Une histoire, deux récits
Carl Hoffman, la plume qui signe Le Destin Funeste de Michael Rockefeller, est un journaliste américain très connu des lecteurs de revue telles que le National Geographic ou Wired. Passionné de voyages, il est l’auteur de plusieurs essais sur les moyens de transport les plus dangereux à travers le monde. On comprend mieux comment il a pu s’intéresser à cette histoire au point d’aller au plus près des lieux de la disparition de Michael. Les deux hommes ont fait le même voyage mais à 40 ans d’intervalles, Hoffman a donc logiquement décidé de les mettre en parallèle dans ce roman dit de non-fiction, alternant l’histoire de Rockefeller et la sienne. On se rend d’ailleurs compte très vite que l’héritier est avant tout une raison pour se lancer dans une enquête dépaysante, et que les véritables découvertes pour les lecteurs se feront du point de vue culturel. En effet, on a beau savoir que le cannibalisme et la violence ont fait partie (et font encore partie) de certaines cultures et tribus, peu d’entre nous seront un jour confronté à un environnement de ce type.

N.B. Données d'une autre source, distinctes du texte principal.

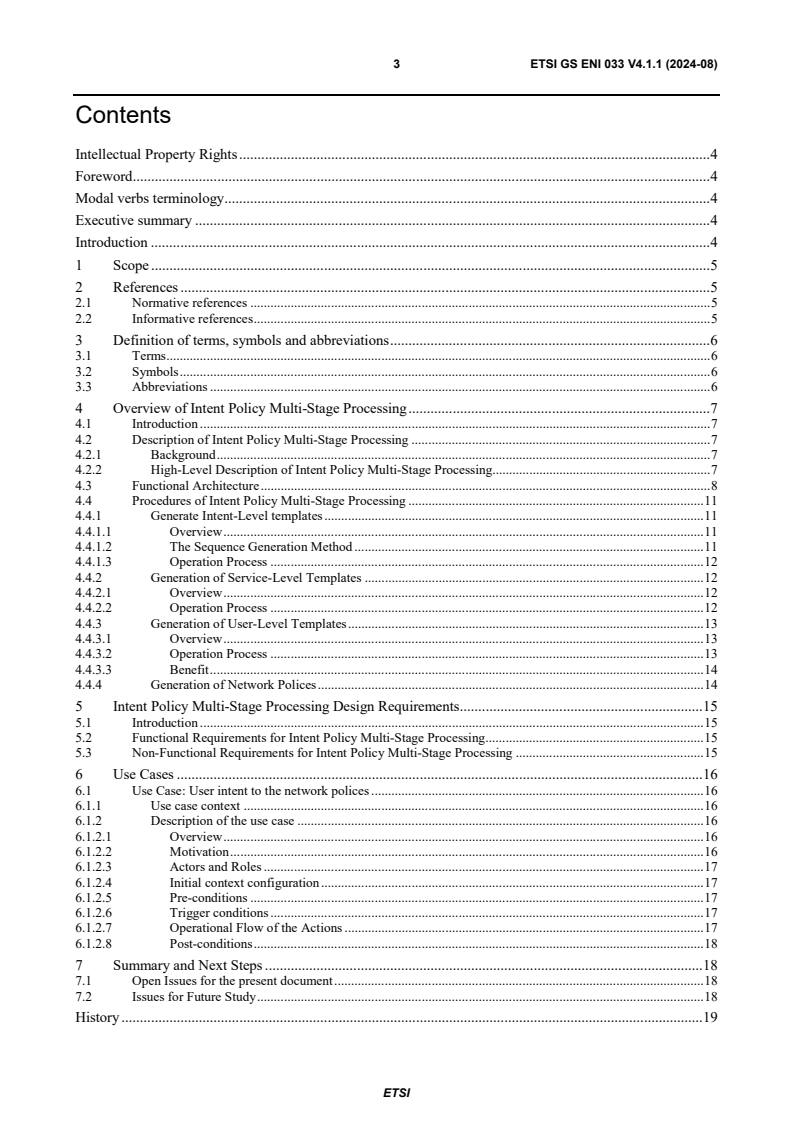 ETSI GS ENI 033 V4.1.1 (2024-08) - Experiential Networked Intelligence (ENI); Definition, Requirements and Procedure of Intent Policy Multi-Stage Translating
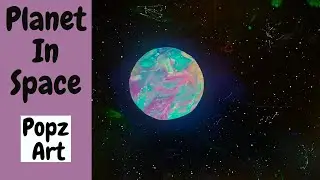 Planet In Space - Swipe & Dutch Pour - Beautiful Acrylic Pour Painting - Unique Fluid Art - Abstract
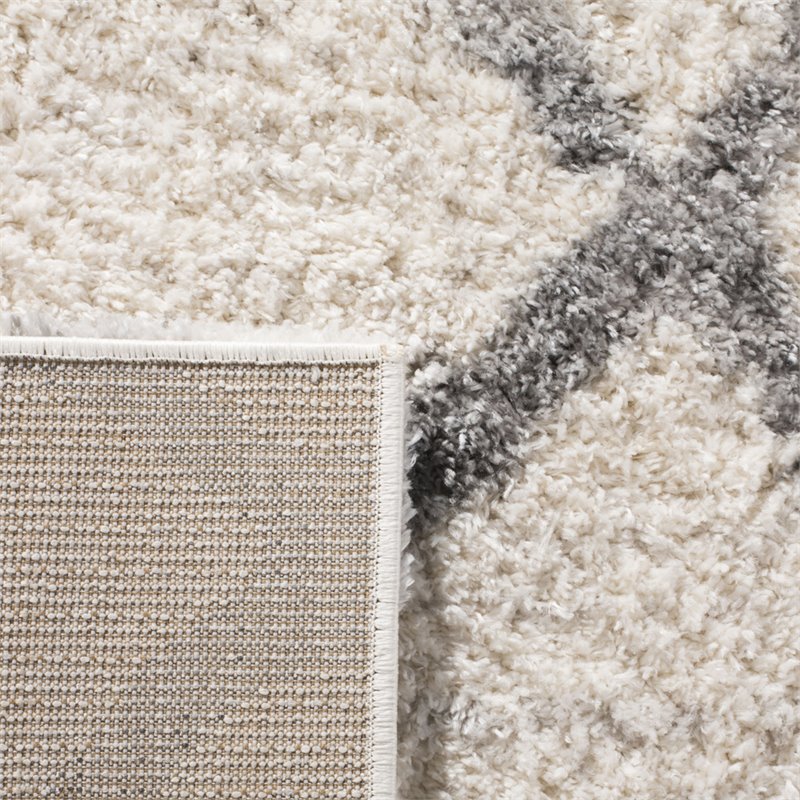 Safavieh Berber 9' x 12' Shag Rug in Ivory and Gray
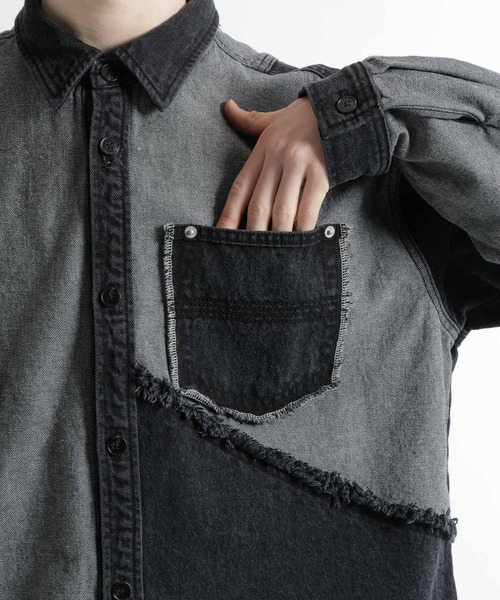 HARE(ハレ)の「サイコウチクデニムシャツ(HARE)(シャツ/ブラウス・メンズ・ブラック/オフホワイト・FREE)」の20枚目の写真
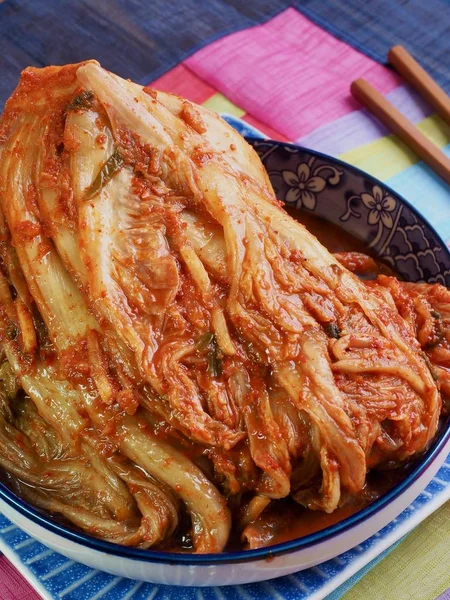 Comida Coreana Kimchi Fresco Comida Tradicional Coreana Kimchi — Foto de Stock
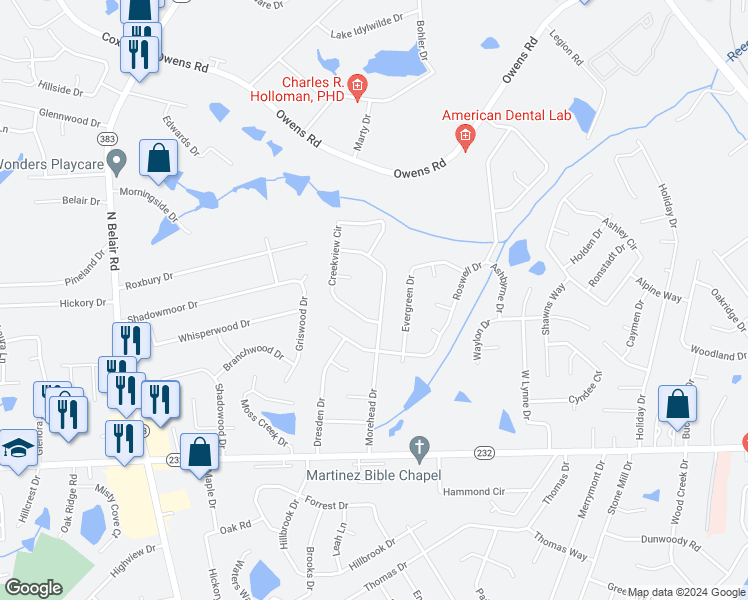 map of restaurants, bars, coffee shops, grocery stores, and more near 143 Morehead Drive in Martinez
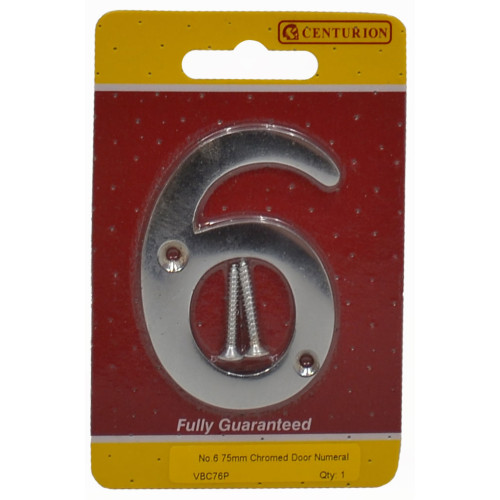 No.6 Chromed Door Numbers and Letters, 75mm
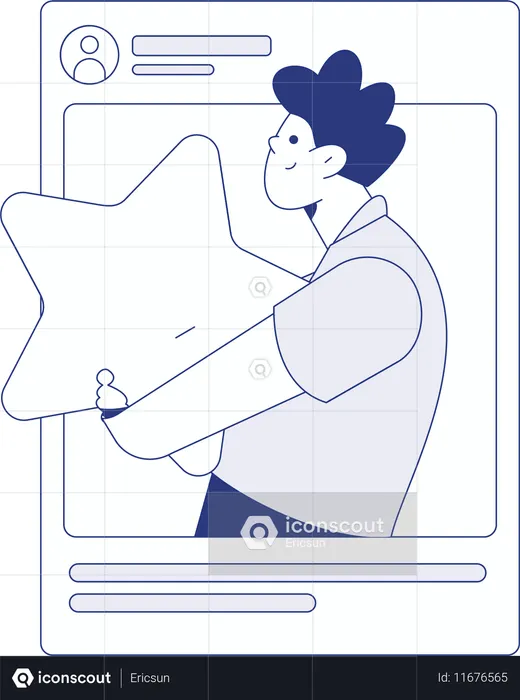 Man chats online through social media  Illustration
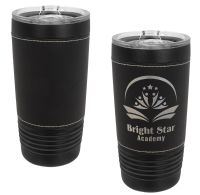 Laser Engravable Black 20oz Polar Camel Vacuum Insulated Tumbler with Black/Silver Leatherette Grip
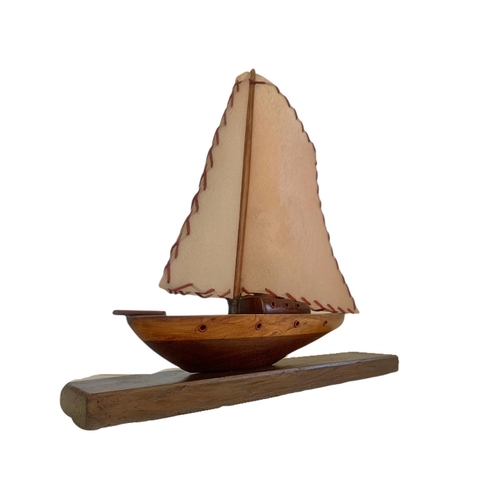 223 - 1930/50’s vintage lamp in shape of a yacht. 43x41cm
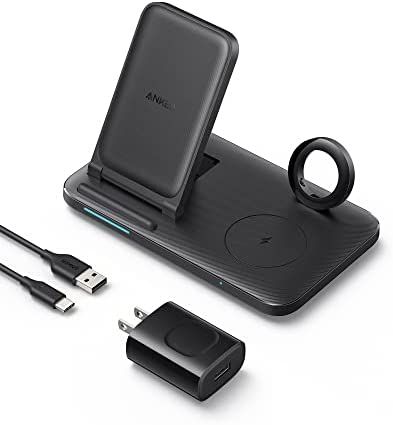 Anker Foldable 3-in-1 Wireless Charging Station with Adapter, 335 Wireless Charger, for iPhone 14... | Amazon (US)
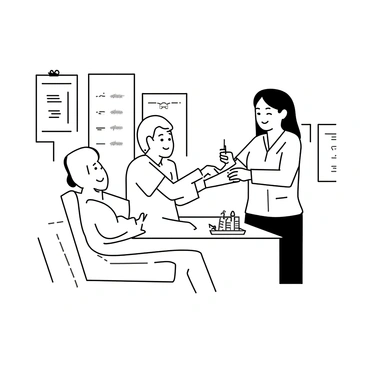 A nurse in scrubs is administering a vaccine to a patient seated on an examination table. The nurse has a friendly expression and is focused on the task, gently holding the patient's arm. The patient, a middle-aged individual, is looking relaxed and smiling. A white medical chart is clipped to the side of the table, and a sterile tray with vaccine vials and syringes is positioned nearby. The room is well-lit, with a few medical posters on the walls and a window showing light streaming in.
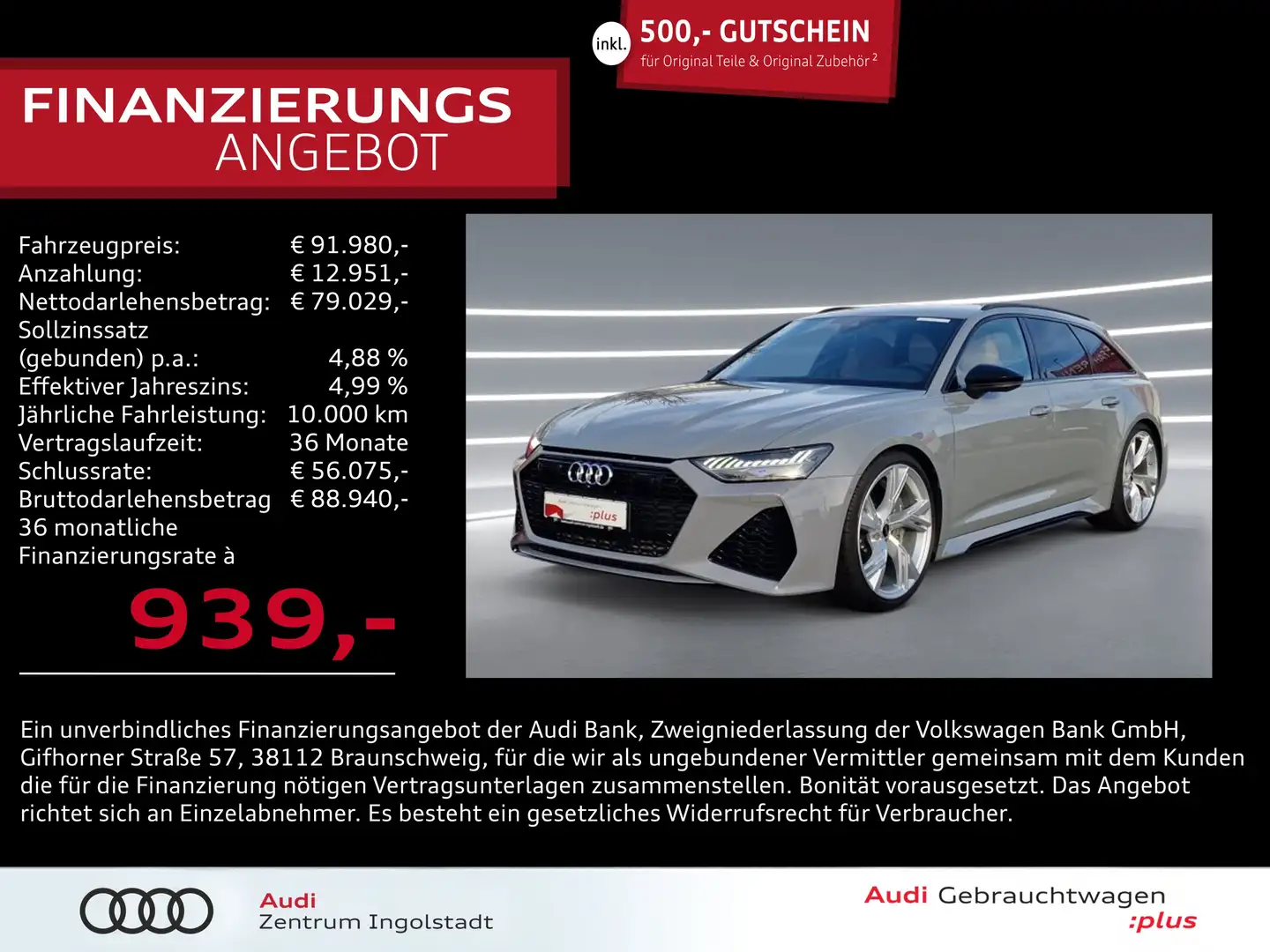 Audi RS6 Avant HD-MATRIX RS-AGA Keramik HuD B&O 22" Grau - 1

En allant à la rencontre du peuple Asmat des décennies après Rockefeller, Hoffman se confronte à l’évolution parcourue, mais aussi l’occidentalisation dans un endroit longtemps préservé de toutes incursions étrangères. Et c’est là que se situe le plus grand point fort de ce Destin Funeste de Michael Rockefeller.
Un auteur atypique
S’il a commencé à écrire des rubriques « voyages », cela n’était pas pour comparer les chambres d’hôtels ou les restaurants des grandes capitales. Carl Hoffman a toujours exprimé un goût pour le singulier, les endroits oubliés car trop dangereux (que ce soit par mystification ou la réalité). Naturellement ce destin funeste ne pouvait que l’attirer et naturellement il a retranscrit sa recherche avec talent. Si les 400 pages peuvent inquiéter les lecteurs occasionnels ou manquant de temps, l’écriture fluide d’Hoffman garantit une lecture à la fois agréable et accessible. A noter que les photos qui ornent la couverture de ce Destin Funeste de Michael Rockefeller et présentées au début de chaque chapitre sont à la fois captivantes et terrifiantes, tout comme le sont les Asmat. Un livre très riche, par sa documentation et les réflexions de l’auteur, particulièrement appréciable pour les curieux d’Ethnologie et qui aide à se faire sa propre idée sur le mystère de la disparition de Michael Rockefeller.
Le Destin Funeste de Michael Rockefeller, de Carl Hoffman. Aux éditions Globe, 400 pages, 22 euros. Sortie le 13 avril 2016.